Dubsky encourages his workers—there is a farm hand and three nursing assistants besides Kitilla—to simply spend time with the residents, talking and getting to know them. He said he also takes them to the pig races at the nearby Bear Creek Saloon, and sometimes he’ll spend the day fishing with them at the Cooney Reservoir.
“I love it,” Kitilla said. “I love it every day. We do it with love, with all the strength we have.”
Dubsky and Kitilla met years ago at the Miles City Bucking Horse Sale. Kitilla, originally from Tanzania, was living in Palm Springs, Calif., and was visiting friends in Columbus, who took her to the sale. Dubsky was there with friends, too, and he and Kitilla clicked as soon as they met.
Each of them had a son from a previous relationship and they now live with the boys, 7 and 8, in an apartment at Heartland.

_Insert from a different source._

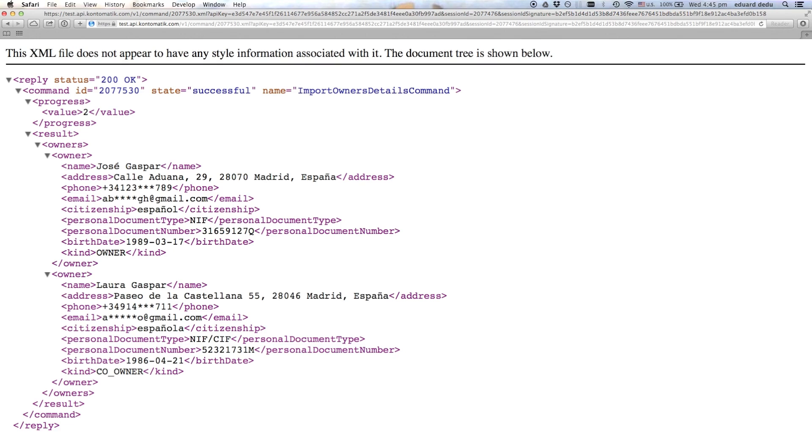That's it folks. I hope I have convinced you how simple and exciting it is to use Contomatik API. Make sure to check our developer portal for an in-depth tutorial. And good luck with your integration project.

Dubsky and Kitilla finally got engaged a few weeks ago and are hoping to get married this fall. They are also thinking of building a cabin on some land they own nearby, just to be able to get away sometimes.
“We’ve been going at it seven days a week since this place opened,” Dubsky said.
He has been approached by people interested in buying Heartland, or in helping him expand. Dubsky said he could imagine opening one more, smaller facility on some land he owns in Columbus, but for now he thinks Heartland is a good size.
“I don’t want to hurt what Heartland is now,” he said. “If we can help 10 people at a time, that’s good.”
It’s also good for him.
“To be honest, it’s a lot harder work than contracting,” he said. “But it’s a lot more rewarding.”